'And this is my prayer: that your love may abound more and more with knowledge and discernment, so that you may approve what is excellent, and so be pure and blameless until the day of Christ.' -- Philippians 1:9-10
Do we always 'approve what is excellent'? Obviously not, but do we realize that our approval of the good is an enemy of the excellent, that approval of the mediocre and the bad maligns Christ and his gospel?
Here Paul writes from a Roman prison to the church at Philippi, which he had not visited in ten years. But he had learned of their situation: internal strife, legalism, careless living. And 1:3-11 he tells them three things: 1) the fact of his prayer; 2) the reason for his prayer; 3) the content of his prayer.
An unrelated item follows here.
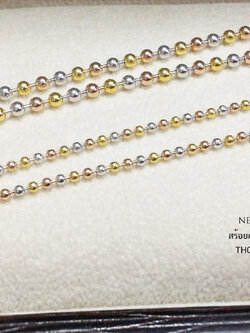 สร้อยคอเงินแท้ 3 กษัตริย์ ลายบอล (เม็ดปะคำ) งานไทย (ราคาเฉพาะสร้อย ไม่รวมจี้) สร้อยงานไทย เส้นนี้ขายดีมาก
He describes their 'partnership in the gospel' and that they were 'partakers of grace' both in his imprisonment and the defense and confirmation of the gospel. Simply because they had been saved in Christ, they demonstrated the gospel, and their lives served to confirm (or deny) it. So he prays that their love would abound, with knowledge and discernment. But this was not the result he sought. Discerning love was to produce the ability to 'approve what is excellent.' In the midst of their trials, sufferings and difficulties they were nevertheless to approve the things that are excellent. Why? Simply to be good choosers? No, but so that they would be pure and blameless before Christ.
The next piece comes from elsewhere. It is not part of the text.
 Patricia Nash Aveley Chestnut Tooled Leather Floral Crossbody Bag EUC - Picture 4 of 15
When we claim salvation in Christ, we become partners with every other believer in the gospel and in grace. Your friends are now mine; your enemies are now mine; your cause is now mine. Your success and your failure: now all mine. And, mine is yours. How we live -- approving the excellent or the not-so-excellent -- reflects on each other, on the gospel, and on Christ.
Paul's example is to pray, with rejoicing, that our fellow believers would 'approve what is excellent,' whether in our personal lives, work, family, or especially church.